Sets differ from lists and dictionaries in that we can perform set operations. In addition, no duplicate values are retained in the set, so it provides an efficient way to isolate unique values in a list of inputs.

In [92]:
my_set = {1,2,3,8,4,4,6}
my_set
Out[92]:
{1, 2, 3, 4, 6, 8}

Note that values in a set cannot be accessed using an index.

In [93]:
my_set[0]
---------------------------------------------------------------------------
TypeError                                 Traceback (most recent call last)
<ipython-input-93-158c424478a1> in <module>()
----> 1 my_set[0]

TypeError: 'set' object does not support indexing

Rather we either .pop() values out of the set (but we cannot provide an index location).

In [94]:
my_set.pop()
Out[94]:
1
In [95]:
my_set
Out[95]:
{2, 3, 4, 6, 8}

Or we can .remove() specific values from the set.

In [96]:
my_set.remove(3)
my_set
Out[96]:
{2, 4, 6, 8}

Finally, note that sets can contain heterogeneous scalar types, but they cannot contain other mutable container data types.

In [97]:
set_a = {.5,6,"a",None}
set_a
Out[97]:
{0.5, 6, None, 'a'}

Can't hold a mutable list.

In [98]:
set_b = {.5,6,"a",None,[8,5,6]}
---------------------------------------------------------------------------
TypeError                                 Traceback (most recent call last)
<ipython-input-98-7feb046d8695> in <module>()
----> 1 set_b = {.5,6,"a",None,[8,5,6]}

TypeError: unhashable type: 'list'

Can hold an immutable tuple.

In [99]:
set_c = {.5,6,"a",None,(1,2,3)}
set_c
Out[99]:
{(1, 2, 3), 0.5, 6, None, 'a'}

Finally, note that the order changed. Like dictionary keys, sets do not retain any intrinsic ordering.

set methods to keep in mind

Methods in object type `set`

Method Description
.add() Add an element to a set.
.clear() Remove all elements from this set.
.copy() Return a shallow copy of a set.
.difference() Return the difference of two or more sets as a new set.
.difference_update() Remove all elements of another set from this set.
.discard() Remove an element from a set if it is a member.
.intersection() Return the intersection of two sets as a new set.
.intersection_update() Update a set with the intersection of itself and another.
.isdisjoint() Return True if two sets have a null intersection.
.issubset() Report whether another set contains this set.
.issuperset() Report whether this set contains another set.
.pop() Remove and return an arbitrary set element.
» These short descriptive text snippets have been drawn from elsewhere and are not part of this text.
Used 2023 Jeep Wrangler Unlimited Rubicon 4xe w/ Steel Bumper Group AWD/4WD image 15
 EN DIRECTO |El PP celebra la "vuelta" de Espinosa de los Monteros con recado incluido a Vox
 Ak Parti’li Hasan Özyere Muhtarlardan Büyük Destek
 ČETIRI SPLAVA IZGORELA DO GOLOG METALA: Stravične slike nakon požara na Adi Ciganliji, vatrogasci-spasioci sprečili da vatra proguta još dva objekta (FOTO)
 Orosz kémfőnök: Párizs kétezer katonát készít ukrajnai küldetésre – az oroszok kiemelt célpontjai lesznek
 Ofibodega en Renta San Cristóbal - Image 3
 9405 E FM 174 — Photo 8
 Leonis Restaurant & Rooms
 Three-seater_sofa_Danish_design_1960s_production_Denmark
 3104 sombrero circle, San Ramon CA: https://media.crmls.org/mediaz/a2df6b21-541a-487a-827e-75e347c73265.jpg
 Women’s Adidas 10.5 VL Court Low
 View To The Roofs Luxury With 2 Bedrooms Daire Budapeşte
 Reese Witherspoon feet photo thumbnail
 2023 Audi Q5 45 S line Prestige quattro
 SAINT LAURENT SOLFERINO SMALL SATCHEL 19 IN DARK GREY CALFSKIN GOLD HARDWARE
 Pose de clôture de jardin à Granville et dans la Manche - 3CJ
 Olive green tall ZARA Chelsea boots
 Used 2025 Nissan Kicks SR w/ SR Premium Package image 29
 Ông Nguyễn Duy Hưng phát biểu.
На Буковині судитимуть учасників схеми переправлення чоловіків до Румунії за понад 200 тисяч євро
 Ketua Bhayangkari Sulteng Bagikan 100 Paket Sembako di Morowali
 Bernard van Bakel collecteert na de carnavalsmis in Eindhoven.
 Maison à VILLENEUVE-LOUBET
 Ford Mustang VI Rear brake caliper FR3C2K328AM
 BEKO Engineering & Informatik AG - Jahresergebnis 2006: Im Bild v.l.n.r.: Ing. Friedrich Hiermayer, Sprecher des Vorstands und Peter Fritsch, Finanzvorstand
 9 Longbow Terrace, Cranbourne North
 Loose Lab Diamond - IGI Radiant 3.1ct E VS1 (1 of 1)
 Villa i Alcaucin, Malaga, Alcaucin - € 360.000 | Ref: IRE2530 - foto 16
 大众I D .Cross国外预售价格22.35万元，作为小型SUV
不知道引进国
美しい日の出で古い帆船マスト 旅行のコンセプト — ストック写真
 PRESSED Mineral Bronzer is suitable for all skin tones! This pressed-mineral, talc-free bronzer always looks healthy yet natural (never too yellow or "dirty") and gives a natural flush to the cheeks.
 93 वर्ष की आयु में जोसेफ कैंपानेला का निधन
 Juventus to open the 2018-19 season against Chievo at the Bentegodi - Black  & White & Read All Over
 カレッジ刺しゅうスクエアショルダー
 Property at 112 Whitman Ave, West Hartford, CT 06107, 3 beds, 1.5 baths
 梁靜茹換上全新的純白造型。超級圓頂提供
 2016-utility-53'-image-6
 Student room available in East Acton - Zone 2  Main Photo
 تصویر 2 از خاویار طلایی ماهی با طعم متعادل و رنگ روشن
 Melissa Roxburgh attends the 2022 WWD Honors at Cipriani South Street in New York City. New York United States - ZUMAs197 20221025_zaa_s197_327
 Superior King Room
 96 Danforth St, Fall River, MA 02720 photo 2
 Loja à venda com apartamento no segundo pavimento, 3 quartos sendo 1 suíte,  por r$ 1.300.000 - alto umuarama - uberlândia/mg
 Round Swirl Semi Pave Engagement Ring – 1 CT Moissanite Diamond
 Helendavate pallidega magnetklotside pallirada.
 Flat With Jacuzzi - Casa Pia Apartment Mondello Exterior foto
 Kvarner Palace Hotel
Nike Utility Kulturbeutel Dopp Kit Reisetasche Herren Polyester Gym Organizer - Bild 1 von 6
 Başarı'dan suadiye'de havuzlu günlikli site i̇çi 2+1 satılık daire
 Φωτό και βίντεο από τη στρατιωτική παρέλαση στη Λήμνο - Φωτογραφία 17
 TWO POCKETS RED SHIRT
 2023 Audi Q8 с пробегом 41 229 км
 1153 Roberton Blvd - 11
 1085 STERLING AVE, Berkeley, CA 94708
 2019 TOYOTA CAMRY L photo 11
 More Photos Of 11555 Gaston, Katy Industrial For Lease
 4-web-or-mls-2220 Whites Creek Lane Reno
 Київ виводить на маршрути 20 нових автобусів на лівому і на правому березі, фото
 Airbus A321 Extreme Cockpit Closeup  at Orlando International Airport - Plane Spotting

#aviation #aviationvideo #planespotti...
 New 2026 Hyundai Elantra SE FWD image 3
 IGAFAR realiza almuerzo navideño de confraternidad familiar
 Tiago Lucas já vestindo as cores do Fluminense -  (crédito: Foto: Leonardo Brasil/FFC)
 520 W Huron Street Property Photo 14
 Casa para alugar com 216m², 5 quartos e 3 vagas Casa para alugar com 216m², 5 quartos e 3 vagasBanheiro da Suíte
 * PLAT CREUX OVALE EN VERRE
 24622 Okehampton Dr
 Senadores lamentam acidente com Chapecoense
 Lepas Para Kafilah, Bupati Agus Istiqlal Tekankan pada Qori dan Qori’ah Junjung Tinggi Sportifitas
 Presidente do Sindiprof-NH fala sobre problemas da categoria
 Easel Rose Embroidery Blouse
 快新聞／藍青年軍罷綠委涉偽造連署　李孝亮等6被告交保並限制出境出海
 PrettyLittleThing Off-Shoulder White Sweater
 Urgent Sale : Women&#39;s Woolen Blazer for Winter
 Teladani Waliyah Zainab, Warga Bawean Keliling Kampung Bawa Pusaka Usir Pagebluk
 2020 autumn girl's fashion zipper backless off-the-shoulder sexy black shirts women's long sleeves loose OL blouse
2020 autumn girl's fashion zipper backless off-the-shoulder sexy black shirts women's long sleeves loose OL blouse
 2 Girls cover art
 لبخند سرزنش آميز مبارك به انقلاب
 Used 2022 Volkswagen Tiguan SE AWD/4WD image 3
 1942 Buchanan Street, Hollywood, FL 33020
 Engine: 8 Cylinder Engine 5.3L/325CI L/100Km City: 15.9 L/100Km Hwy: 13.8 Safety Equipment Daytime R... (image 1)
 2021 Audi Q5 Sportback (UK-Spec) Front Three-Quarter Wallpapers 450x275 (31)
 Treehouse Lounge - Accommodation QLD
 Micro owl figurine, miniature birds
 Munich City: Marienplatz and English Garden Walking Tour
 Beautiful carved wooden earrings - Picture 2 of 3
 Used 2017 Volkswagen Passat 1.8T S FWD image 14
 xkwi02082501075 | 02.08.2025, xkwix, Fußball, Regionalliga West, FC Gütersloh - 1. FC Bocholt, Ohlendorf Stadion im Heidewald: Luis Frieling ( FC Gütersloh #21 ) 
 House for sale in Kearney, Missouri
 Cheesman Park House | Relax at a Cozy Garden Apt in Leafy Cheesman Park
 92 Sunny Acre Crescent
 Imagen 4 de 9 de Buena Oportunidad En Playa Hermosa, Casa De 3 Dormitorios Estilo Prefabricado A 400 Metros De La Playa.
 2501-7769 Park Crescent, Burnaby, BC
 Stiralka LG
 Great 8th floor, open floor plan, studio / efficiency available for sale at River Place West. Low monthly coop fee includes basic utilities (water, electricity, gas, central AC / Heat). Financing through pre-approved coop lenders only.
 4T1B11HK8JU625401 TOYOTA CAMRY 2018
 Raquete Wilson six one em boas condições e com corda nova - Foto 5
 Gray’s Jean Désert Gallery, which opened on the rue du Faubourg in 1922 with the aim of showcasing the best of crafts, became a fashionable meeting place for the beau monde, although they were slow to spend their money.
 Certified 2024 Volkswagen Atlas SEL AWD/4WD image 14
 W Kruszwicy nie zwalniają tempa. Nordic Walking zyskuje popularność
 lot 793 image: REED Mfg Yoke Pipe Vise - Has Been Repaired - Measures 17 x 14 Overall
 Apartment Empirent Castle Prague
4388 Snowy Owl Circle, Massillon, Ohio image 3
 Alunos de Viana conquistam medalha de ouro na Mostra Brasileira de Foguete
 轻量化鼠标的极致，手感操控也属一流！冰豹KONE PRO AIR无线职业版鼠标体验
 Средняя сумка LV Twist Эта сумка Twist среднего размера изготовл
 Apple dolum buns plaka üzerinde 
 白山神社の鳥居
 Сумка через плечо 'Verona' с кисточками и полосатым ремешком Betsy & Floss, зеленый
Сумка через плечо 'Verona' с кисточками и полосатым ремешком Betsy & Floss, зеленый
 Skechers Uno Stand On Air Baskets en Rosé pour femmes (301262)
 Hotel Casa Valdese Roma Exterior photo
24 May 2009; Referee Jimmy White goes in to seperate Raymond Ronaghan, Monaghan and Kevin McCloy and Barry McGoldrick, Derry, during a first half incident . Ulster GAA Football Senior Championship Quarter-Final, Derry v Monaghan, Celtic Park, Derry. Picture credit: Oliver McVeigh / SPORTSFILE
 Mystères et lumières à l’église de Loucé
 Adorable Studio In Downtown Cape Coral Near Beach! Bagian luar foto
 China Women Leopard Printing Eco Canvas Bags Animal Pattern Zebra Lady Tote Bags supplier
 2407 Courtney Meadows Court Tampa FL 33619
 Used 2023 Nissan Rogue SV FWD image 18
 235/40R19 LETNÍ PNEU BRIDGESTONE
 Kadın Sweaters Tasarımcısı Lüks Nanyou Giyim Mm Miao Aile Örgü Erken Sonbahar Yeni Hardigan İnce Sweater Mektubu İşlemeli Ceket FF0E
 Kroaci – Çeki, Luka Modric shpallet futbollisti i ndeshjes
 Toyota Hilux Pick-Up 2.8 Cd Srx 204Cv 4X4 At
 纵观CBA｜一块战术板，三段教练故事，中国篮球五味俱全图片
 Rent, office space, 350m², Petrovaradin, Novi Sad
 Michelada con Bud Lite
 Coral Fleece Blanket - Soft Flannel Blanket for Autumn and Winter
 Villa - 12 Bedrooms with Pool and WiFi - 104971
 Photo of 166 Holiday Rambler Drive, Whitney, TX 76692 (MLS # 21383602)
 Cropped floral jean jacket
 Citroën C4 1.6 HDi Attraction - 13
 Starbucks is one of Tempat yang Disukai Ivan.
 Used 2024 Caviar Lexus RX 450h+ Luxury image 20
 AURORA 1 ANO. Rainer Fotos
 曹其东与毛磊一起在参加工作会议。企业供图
Raises KeyError if the set is empty.
.remove() Remove an element from a set; it must be a member.
.symmetric_difference() Return the symmetric difference of two sets as a new set.
.symmetric_difference_update() Update a set with the symmetric difference of itself and another.
.union() Return the union of sets as a new set.
.update() Update a set with the union of itself and others.